### Dataset records
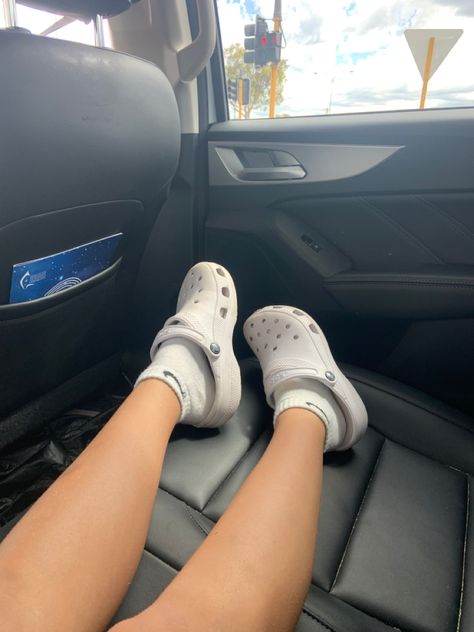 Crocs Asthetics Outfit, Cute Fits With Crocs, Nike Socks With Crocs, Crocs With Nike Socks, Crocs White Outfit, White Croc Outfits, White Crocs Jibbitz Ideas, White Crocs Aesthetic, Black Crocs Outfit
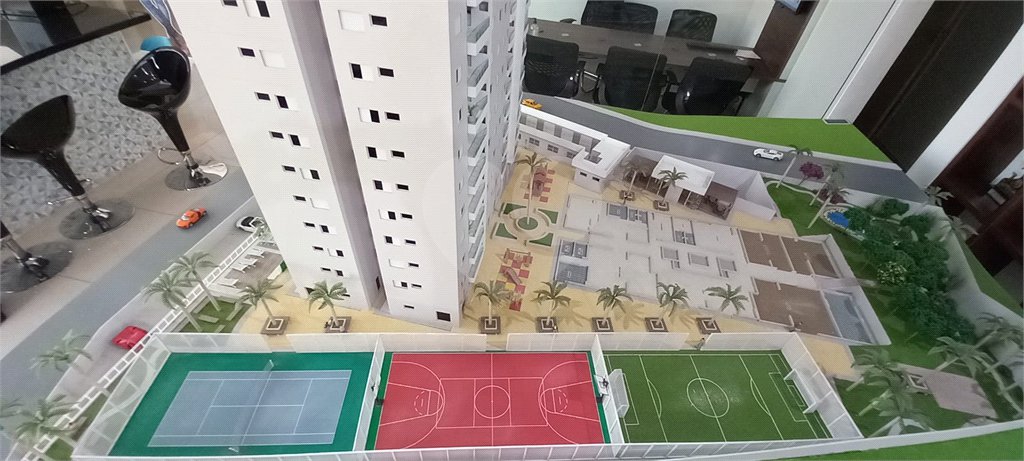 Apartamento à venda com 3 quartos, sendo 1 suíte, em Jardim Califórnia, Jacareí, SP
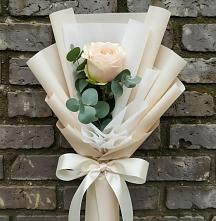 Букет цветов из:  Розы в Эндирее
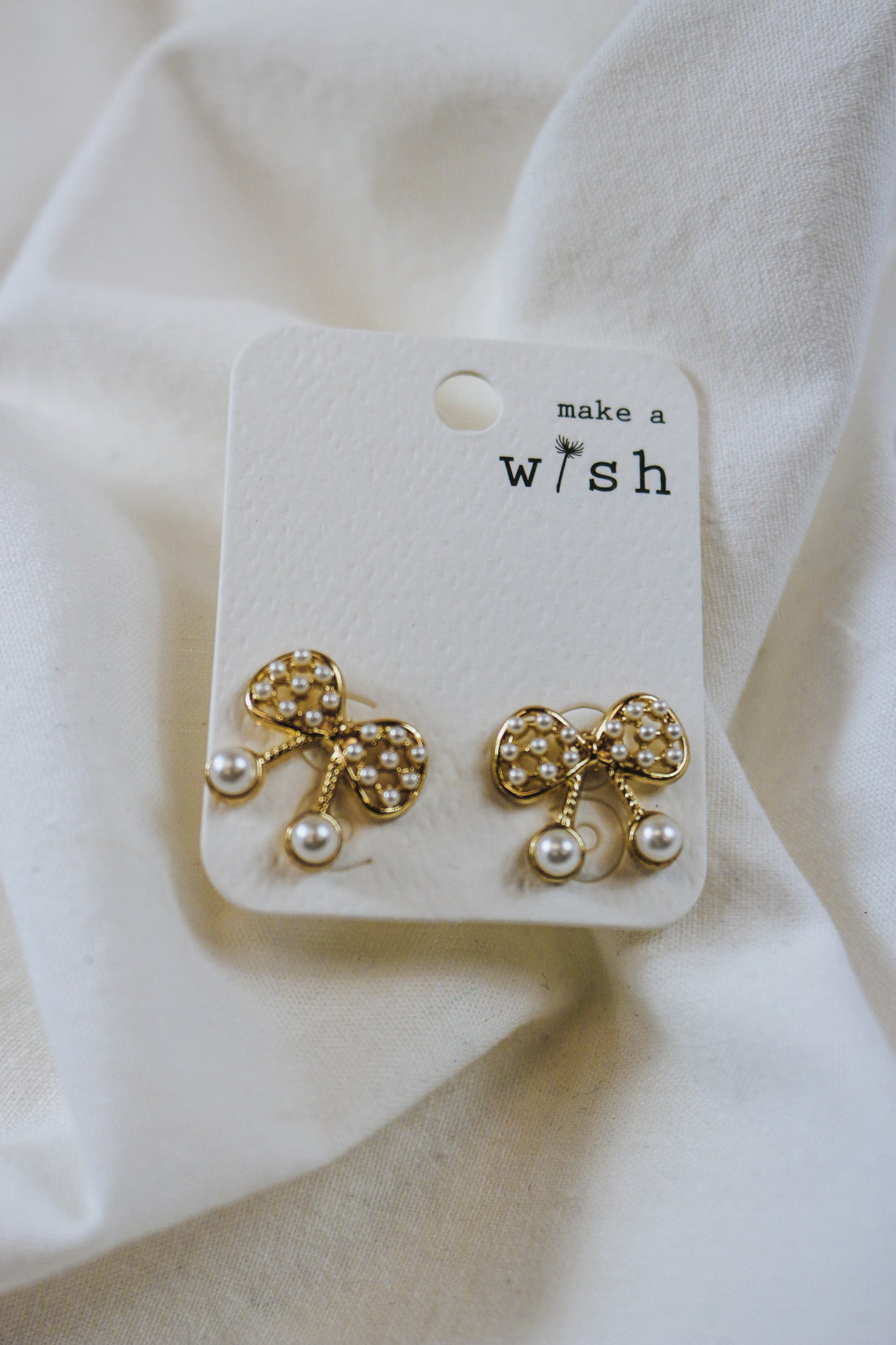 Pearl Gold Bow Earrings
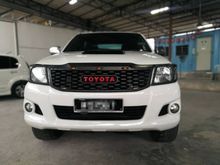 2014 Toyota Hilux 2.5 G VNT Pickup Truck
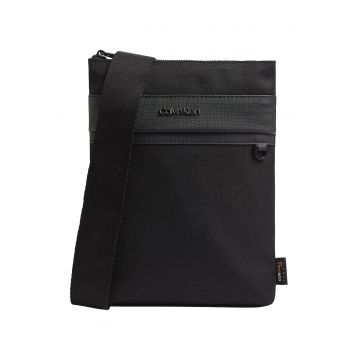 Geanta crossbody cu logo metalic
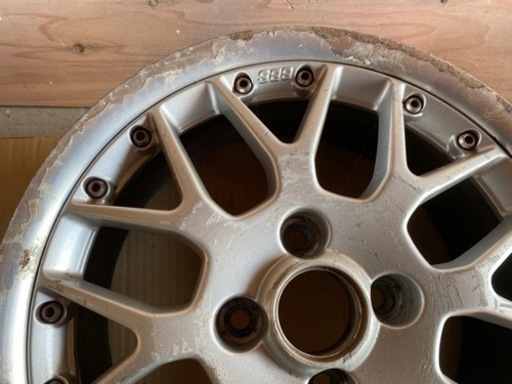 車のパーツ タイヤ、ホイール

==

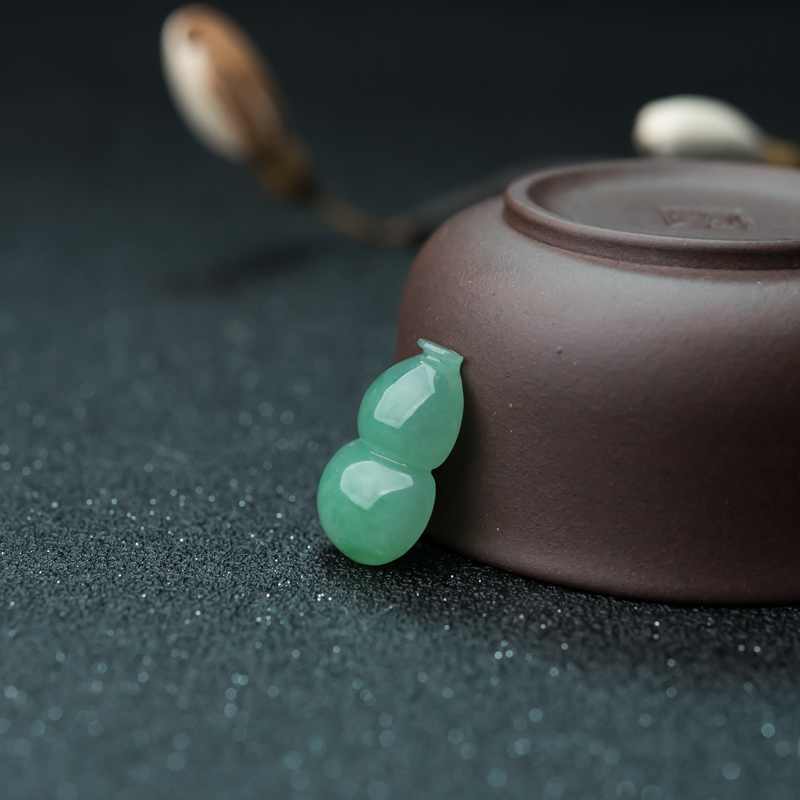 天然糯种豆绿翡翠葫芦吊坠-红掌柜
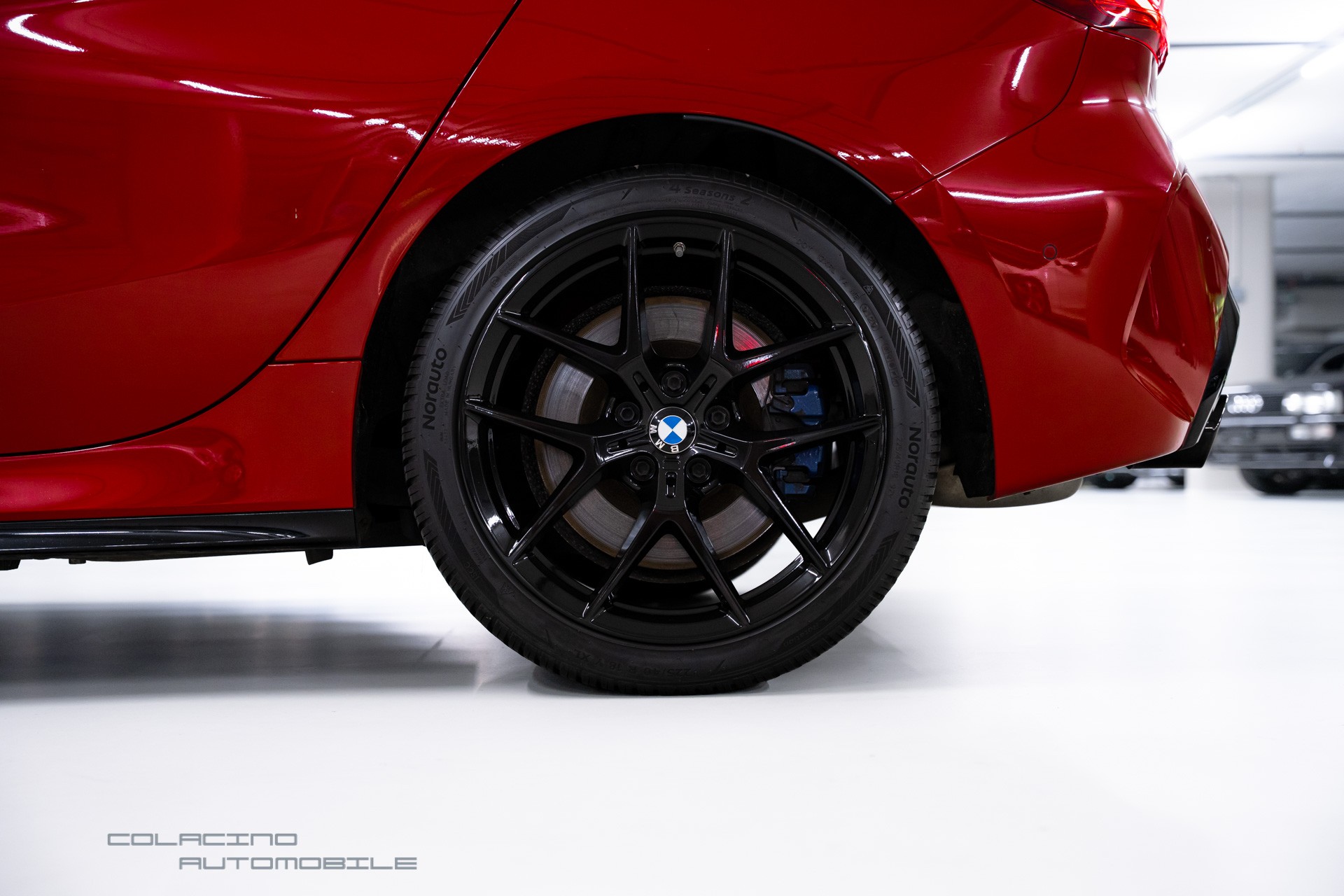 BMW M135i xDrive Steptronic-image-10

...

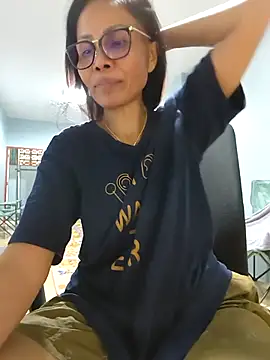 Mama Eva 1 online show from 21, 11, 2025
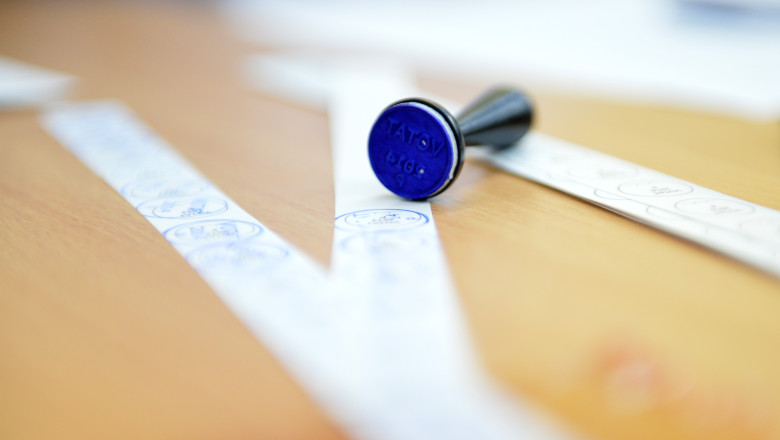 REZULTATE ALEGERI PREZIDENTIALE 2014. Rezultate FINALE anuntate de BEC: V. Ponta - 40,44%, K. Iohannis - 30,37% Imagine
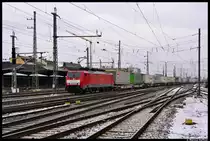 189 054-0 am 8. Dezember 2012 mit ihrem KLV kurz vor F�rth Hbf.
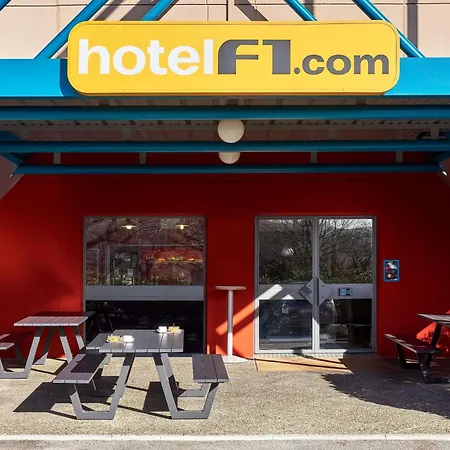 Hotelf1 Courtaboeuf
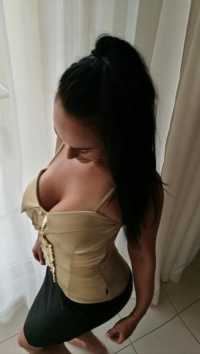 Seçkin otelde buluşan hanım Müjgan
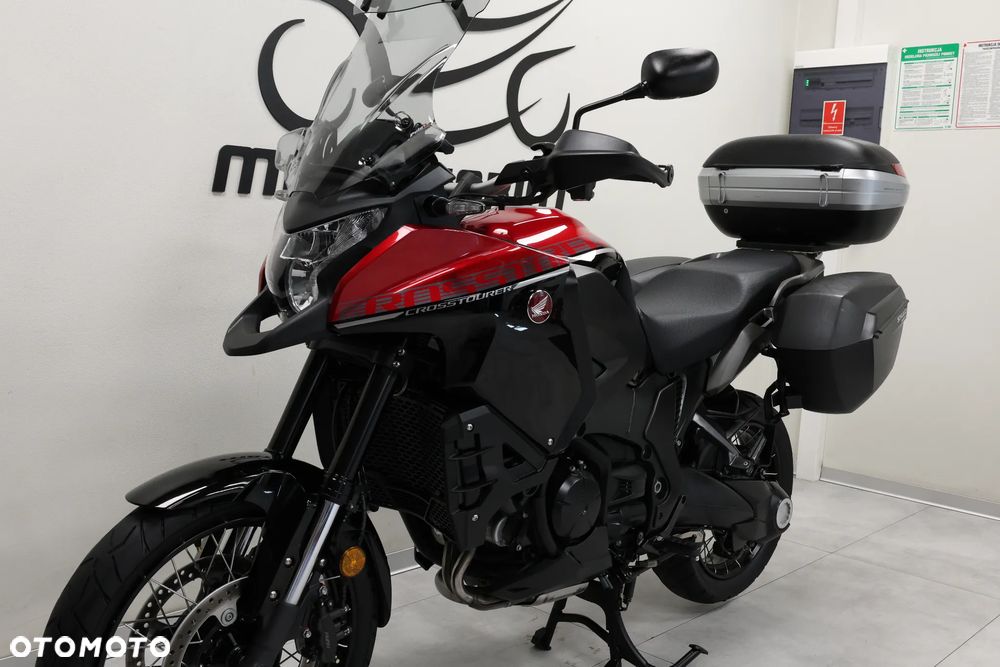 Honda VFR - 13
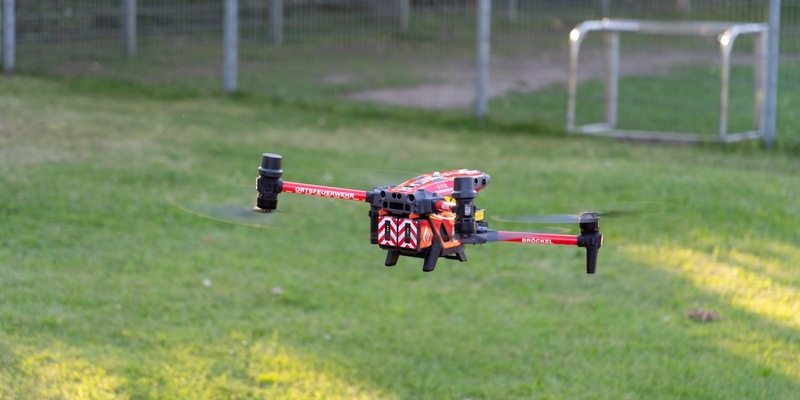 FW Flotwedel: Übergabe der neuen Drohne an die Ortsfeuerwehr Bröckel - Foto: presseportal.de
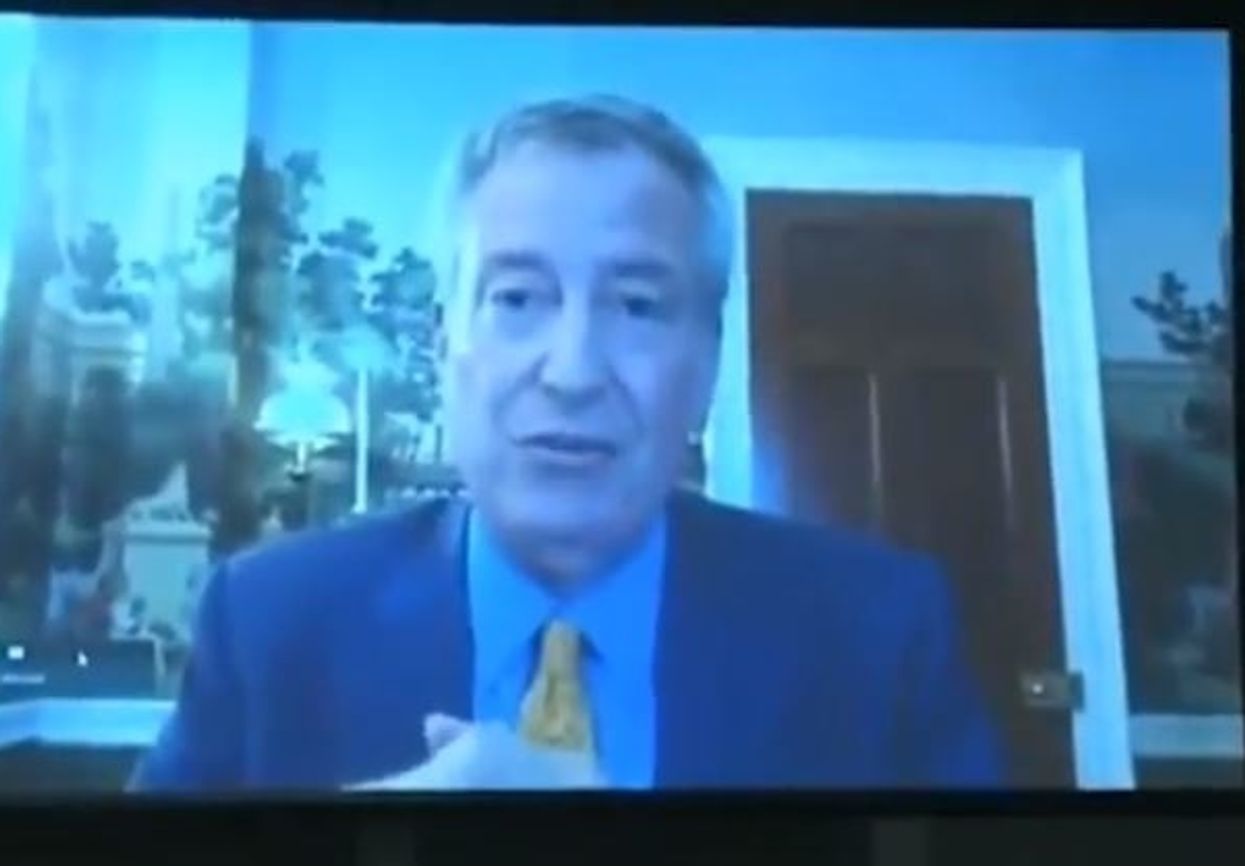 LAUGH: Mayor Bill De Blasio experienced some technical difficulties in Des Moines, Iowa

### What you are asked to do
Line for line, output the entries above from the line with "Seçkin otelde buluşan hanım Müjgan" to the line with "LAUGH: Mayor Bill", both included, and nothing more. Skip pictures.

### Task result
 Seçkin otelde buluşan hanım Müjgan
 Honda VFR - 13
 FW Flotwedel: Übergabe der neuen Drohne an die Ortsfeuerwehr Bröckel - Foto: presseportal.de
 LAUGH: Mayor Bill De Blasio experienced some technical difficulties in Des Moines, Iowa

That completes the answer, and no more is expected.